Question

a plane traveled 3246 miles with the wind in 6 hours, and 2814 miles against the wind in the same time. Find the speed of the plane and the wind

Answer 1

Divide to find the two speeds.

Answer 2

Then you'll have plane + wind for one and plane - wind for the other.

Answer 3

Those will be your two equations to solve for the two unknowns.

Answer 4

that really didnt help.

Answer 5

Have you done any similar problems before?

Answer 6

no

Answer 7

What don't you understand about what I told you to do?

Answer 8

you were vague

Answer 9

i onyl have 4 minutes can someone pleqsae help me

Answer 10

\[\frac{ 3246 }{ 6 }=v_p+v_w\]
\[\frac{ 2814 }{ 6 }=v_p-v_w\]

Answer 11

I'm vague because I want you to do some thinking on your own, @strcaitlyn13 .
I have respect for your intelligence and don't want to insult you by telling you things you already know.

Answer 12

3246/(p+w) =6
2184/(p-w) =6
p+w=3246/6
p-w=2184/6
solve for p and w
p+w=541
p-w=364
add
2p=905
p=905/2
subtract
2w=177
w=177/2

Answer 13

And then there's always that helpful soul who will insult your intelligence and betray the sanctity of the learning process (*cough* code of conduct *cough*) by merely giving you the solution.
Oh well, not everyone wants to actually be educated.

Answer 14

so is it 88.5? and 354

Answer 15

452.5,88.5

Answer 16

Ah, all that work, and your solutions are incorrect, @gomathi ...

Answer 17

Here's a hint: The solutions are whole numbers.

Answer 18

One of the advantages of math, is the ability to verify your answers or "checking" them.
In this case, let us verify the answer 452.5 mph for the airplane speed and 88.5 mph for the wind speed. when the plane was flying with the wind, the combined speed using d=rt,
3246=r6, thus rate is 3246/r or 541 mph now for check: 452.5 + 88.5 = 541.0 that checks out.

Answer 19

When the plane is flying against the wind, you can also verify those values.

Answer 20

Uh huh, and do those check out?

Answer 21

They do indeed.

Answer 22

Really?

"a plane traveled 3246 miles with the wind in 6 hours, and 2814 miles against the wind in the same time.
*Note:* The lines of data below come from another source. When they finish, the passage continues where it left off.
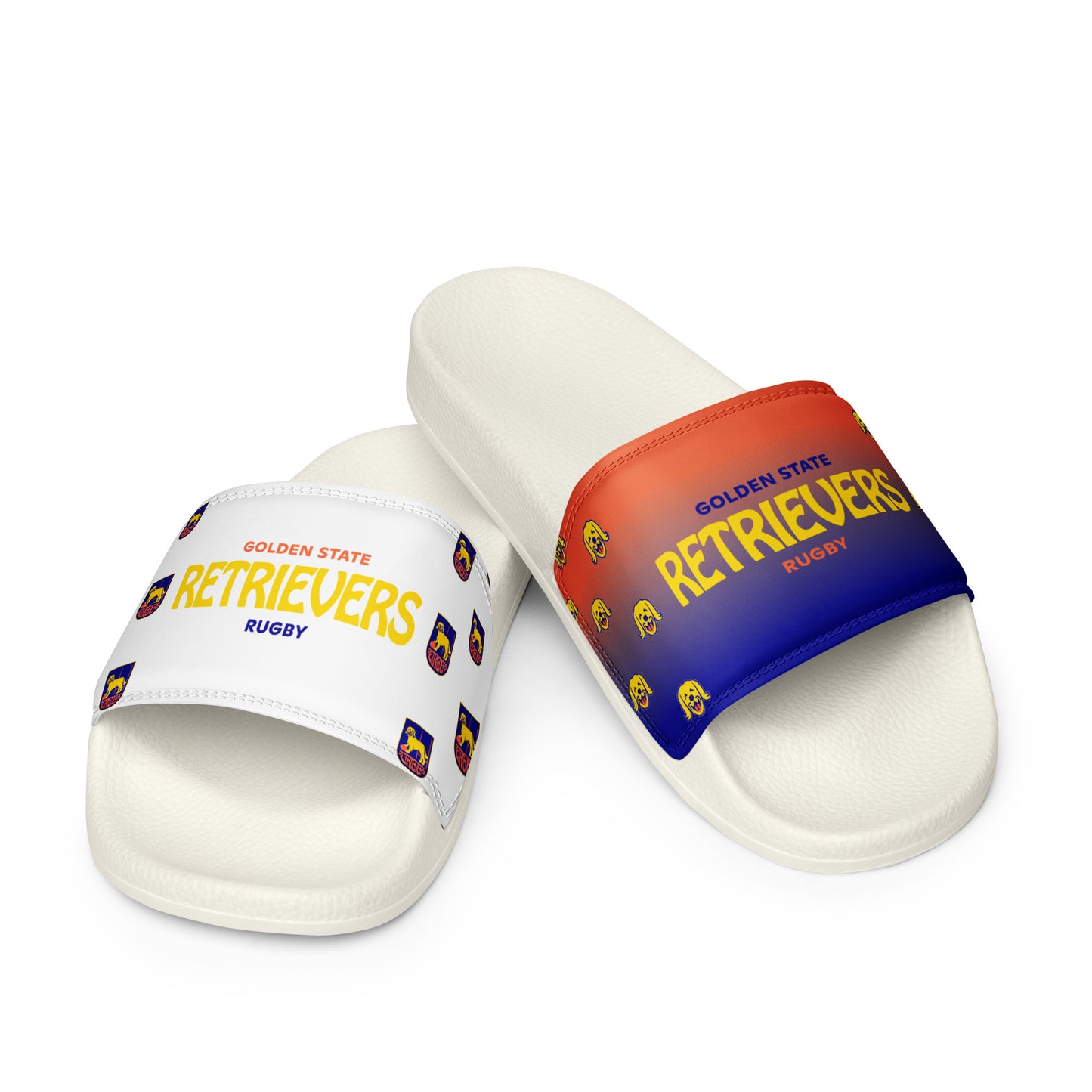 Golden State Retrievers '24 Inverse Pattern Slides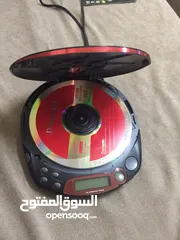  2 سوني mp3 cd sony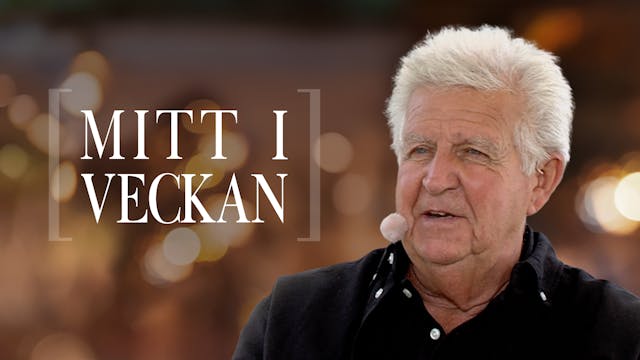 Anders Ekstedt | Avsnitt 6 | Mitt i v...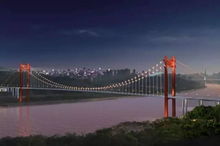 重庆郭家沱大桥传来新消息,2022年建成,茶园到两江新区仅10分钟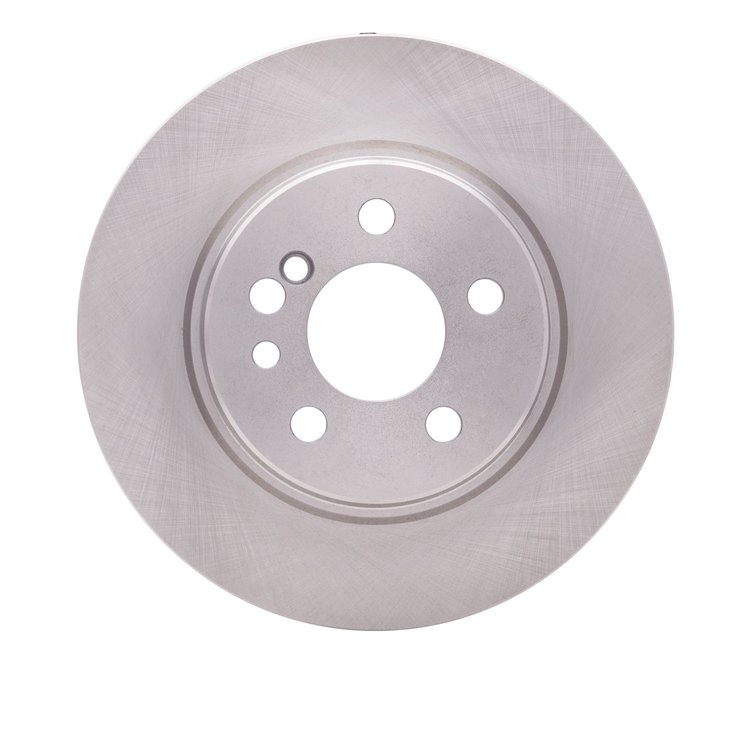 600-63024 Brake Rotor, 1992-1999 Mercedes-Benz, Position: Rear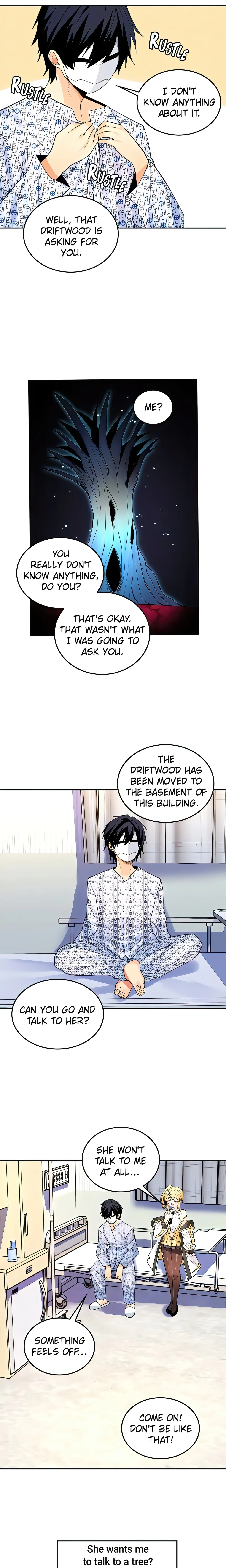 Potential Husband of The World Tree (Official) chapter 30 page 6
Find the speed of the plane and the wind"

Answer 23

As show in my post the combined rate (mph) when traveling with the wind would be
3246/6 or a rate of 541 mph. This is the result of the airplane's speed plus the wind speed. or plane + wind = 541 mph.
In a similar manner calculate the combined rate when flying in opposition to the wind (against the wind) that would be 2814/6 = 469 mph. This is the airplane speed minus the wind speed.
let A = airplane speed and
let W = wind speed
A+W=541 mph
A-W=469 mph using elimination method
2A = 1 0 1 0
A= 505 New "corrected" speed if plane is now 505 mph (lol)
W=541-505 =36 mph a more reasonable wind speed !
I see where the value of 2184 was used instead of 2814 resulting in an error.
Good catch Cliffsedge.

Answer 24

I wouldn't want to fly in hurricane force winds either.